Samanyolu izleyicilerine bir belge göstermek istiyorum, 80 yıl önce Zaman Gazetesi ve Cumhuriyet Gazetesi beraber kapatılmış. Hani tek parti yönetimlerine veryansın ediyoruz meydanlarda. Bu Velid Ebuzziya bu da Yunus Nadi. Cumhuriyet ve Zaman o günde bir birine zıt dünya görüşleri olan en azından birbirine çok uymayan görüşleri olan insanlar. Ama iki gazetenin o gün devlet neden aleyhimize yayın yapıyorsunuz diye geçici kapatma veriyor. Şimdi siz seçim meydanlarında tek parti yönetimi tek parti yönetimi diye bir şey söyleyeceksiniz. Ki o günkü tek parti yönetimleri dünya demokrasilerinde bir paralelliği olan bir şey. O günkü devlet öyle bir demokrasiyi anlıyor. Güçlü liderler, ulus devlet anlayışları, güçlü partiler, şimdi öyle bir şey olamaz ki aradan 80 yıl geçmiş. Katılımcı bir demokrasiden bahsediyoruz, çoğulcu bir demokrasiden bahsediyoruz. bireylerin haklarının güvencede olduğu bir demokrasiden bahsediyoruz, medyanın haklarının güvencede olduğu bir demokrasiden bahsediyoruz. Devletin eski yıllarda olduğu gibi kağıdı kapattım, anahtarı vurdum, şalteri indirdim. Bunların hepsi diktatörlüğün çağrıştırıldığı. Ama dünya rejimlerinin de biraz bu paralelde olduğu dönemler için söylenebilir.
"AK PARTİ'NİN 12 YILLIK FELSEFESİ İÇERİDEN HANÇERLENİYOR"
Şimdi kalkacaksınız tüzel kişiliklere, 200 küsur insana, bunların içinde Nazlı Ilıcak, Ahmet Altan, Yasemin Congar, Can Dündar, Ekrem Dumanlı bu nedir kardeşim. Burada çok endişe duyduğum bir şey var. Sanki AK Parti'nin 12 yıl boyunca felsefesi resmen içeriden hançerleniyor ve AK Parti'ye gönül vermiş insanların da izah edemeyeceği bir pozisyon ortaya çıkarılıyor. Ve Ak Parti içten içe tasfiye ediliyor. Bu tasfiyede kim rol oynuyor. Saray'ın bunda rolü nedir, meydanda bir sürü soytarı var o soytarıların rolü nedir bilemiyorum. Ama o soytarılar aylardır oraya el konulacak, buraya el konulacak diye konuşuyor.

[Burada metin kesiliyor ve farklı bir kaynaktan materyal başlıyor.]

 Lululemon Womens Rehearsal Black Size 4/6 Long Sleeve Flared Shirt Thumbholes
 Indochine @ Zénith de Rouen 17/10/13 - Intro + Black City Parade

"HZ. MUHAMMED (A.S) 'ACEMLERİN BÜYÜKLERİNE AYAĞA KALKTIĞI GİBİ KALKMAYIN' DİYE BUYURUYOR"
Üç gün önce gazeteciliğin "G"sini bilmeyen, bugün de bilmeyen, felsefesini bilmeyen soytarı gidip bir sirkte çalışacağına kapağı bir gazeteye atmış, bir yandan bir insana tapındıkça tapınıyor, kutsadıkça kutsuyor, ki bunun ne insani yanı var ne İslami yanı var. Bunun İslami yanı olmadığını söylemeye gerek bile görmüyorum. Ki Hz. Muhammed (a.s.) kendine ayağa kalkanlara 'Acemlerin büyüklerine ayağa kalktığı gibi ayağa kalmayın' diye buyuruyor. İslami değildir böyle şeyler. Bu insanların enelerini egolarını şişirdikçe şişiriyorsun yazık değil mi, günah değil mi? Hem sana yazık, hem o insana da yazık, hem ülkeye de yazık. Niye gerçekleri konuşmuyorsunuz, gazetecilik budur, korkakların mesleği değildir gazetecilik.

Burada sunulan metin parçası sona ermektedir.